As I was driving through the deserted streets of my town, its population cut in half with the desertion of some
20,000 college students during summer vacation, I thought about all those sons and daughters now at home with their families. I wasn't actually thinking about the sons and daughters, though, I was actually thinking about their
parents. How are they coping with their not-so-empty nests?
Midlife parents who have gotten used to the peace and quiet of a home without children now face anywhere from 2 to 6 weeks in which they once again become parents not just in theory but in practice. If you are one of these parents, you know what I'm talking about. When the kids are gone you can run around the house in your underwear, go to sleep without fear of interruption by loud music, TV, or doors slamming at 2 am. With the charges of how annoying you are receding into distant memory, you don't have to nag anyone to pick up their clothes, put their dishes in the sink, or do their homework.You can come and go as you please, with only yourself and possibly your spouse or partner to answer to. All of that changed the instant the kids walked back into the house, bags full of dirty laundry in tow.
Of course I am putting a negative spin on a situation that for many parents brings with it great happiness. These are your kids, your pride and joy, and it's great to have them around again. It was probably hard to say goodbye to them when they left, even if was only a few weeks ago. The semester breaks during the fall, though, are typically much shorter than the one you face now. Add to that the strain of having other family members around for the holidays, the need to cook and clean that much more, and your own desire for a little down time, and you might not be able to enjoy your kids as much as you would like. So, even if you've been looking forward for weeks to having the kids back home, you might find that the reality of the situation doesn't quite meet your expectations. Before I give you some pointers on how to cope with your clipped wings, let's take a brief look at the research on the empty vs. the full nest.
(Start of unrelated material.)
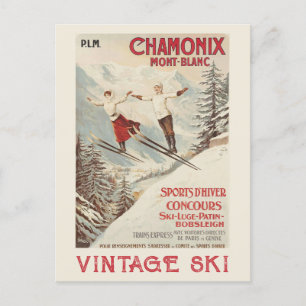 Chamonix Mont Blanc Vintage French Skiing Poster Postcard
For many decades, it was believed that the empty nest was the greatest disaster that could befall a parent, particularly a mother. The thinking was that without their maternal role, women would suffer depression, feelings of inadequacy, and identity confusion. Surprisingly, though, the data failed to support this belief and researchers began to find that empty-nest women were less, not more depressed. There were three explanations. First, women find fulfillment in ways outside their role as mothers including their work, their community involvement, and their hobbies. Second, with children out of the house, couples have more money and time to enjoy leisure-time activities. Third, and perhaps the real reason, empty nest women have sex more often than when the kids are home. In fact, a survey of over 15,000 midlife Canadian women showed that even when controlling for age, marital status, race, income, empty nest status, alcohol use, and smoking, women whose children were still living in the home were less likely to have intercourse than women who were empty nesters.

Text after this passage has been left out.